Scott David Orr scottd.orr at comcast.net
Mon Mar 10 18:57:12 EDT 2008


I took a class in causal modeling more than 10 years ago, and while I 
thought I remembered the basics, since then all my work has been with 
structural equation models, and I find I'm now a bit lost....

Let me explain what I'm trying.  Basically, I'm trying to test the 
hypothesis that high levels of press freedom tend to prevent violent 
ethnic conflict, because ethnic groups can fight things out in the 
media.  Therefore, the main effect I'm looking for is an effect of 
media freedom and ethnic violence, and my guess is that effect will 
be a bit lagged, though I'm not sure of that, and it's also possible 
that each variable affects the other.  I have data at least back to 
1990 in many, many countries for both of these, though I intend to do 
the tests just in sub-Saharan Africa and post-Communist Europe.

Other endogenous variables that could affect the equation would be 
democracy (the Freedom House political freedom score), unemployment, 
and change in per-capita GDP.  I'm working on figuring out exogenous 
variables, but election years and possibly the presence of droughts 
look good, and literacy rates (separately for men and women) might 
also be useful.

My question is, how do I frame this.  Basically, I should have time 
series data for each variable for each of the countries in 
question.  Each country could therefore be analyzed individually, but 
I'd ideally expect patterns within particular regions, if not across 
regions.  My memory vaguely recalls that I want to use SURE or some 
kind of simultaneous equations analysis, but I've been looking 
through the two relevant texts I have (Gujarati, Third Edition, and 
Hamilton's Time Series Analysis), and come to the conclusion that I'm 
a lot less smart than I thought I was, at least on this subject.

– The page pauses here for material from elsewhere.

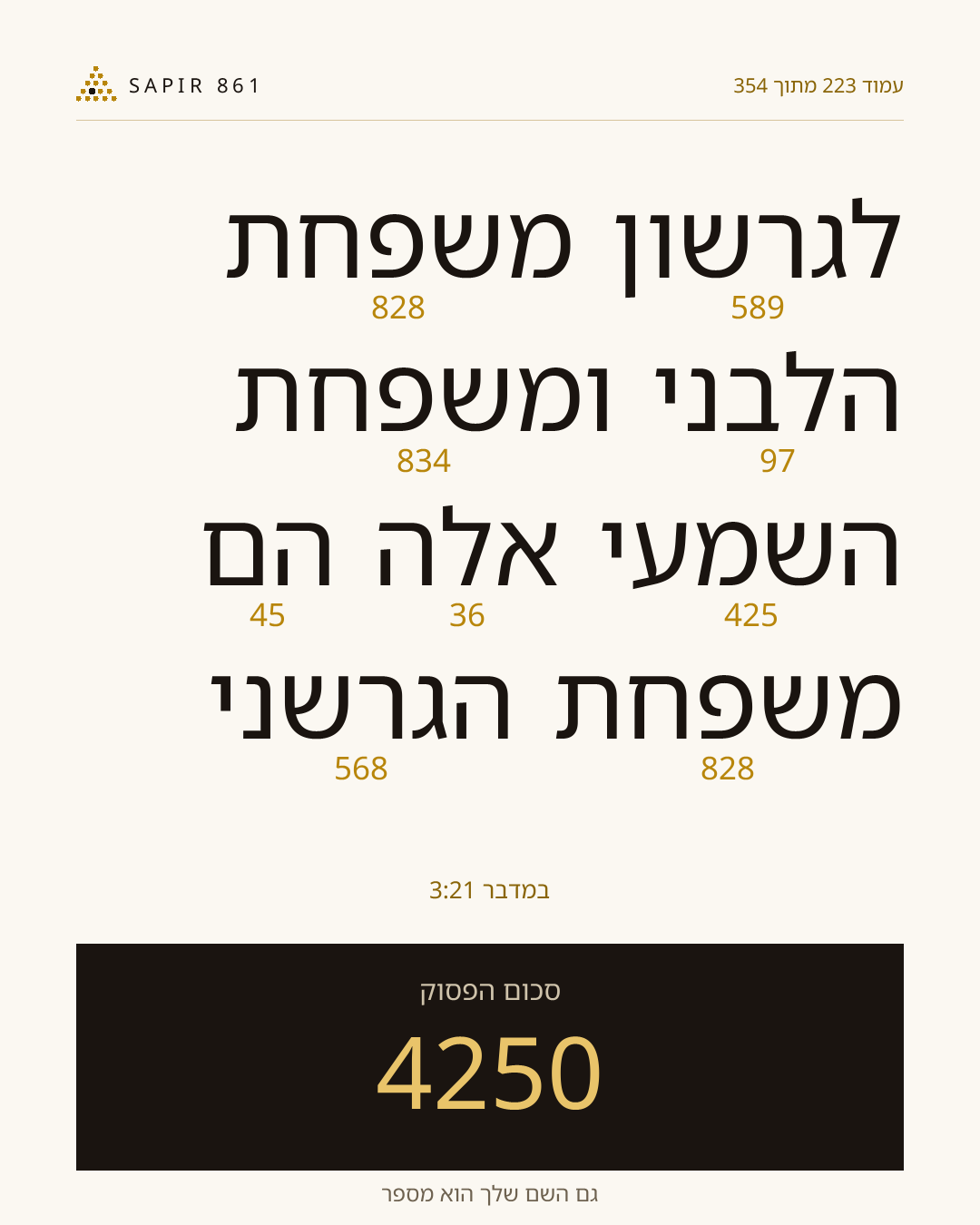 כרטיס פסוק 223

Could anyone give me a few pointers?  And if those pointers included 
tips on setting this up in GRETL, that would also help.  One specific 
question I have what do to with exogenous variables that don't vary 
much over time.  To wit, I'm suspect literacy rates play a role, but 
since they don't change much over time, that roles should be seen 
across countries rather than over time within countries (which is one 
reason a multiple-country analysis would be useful).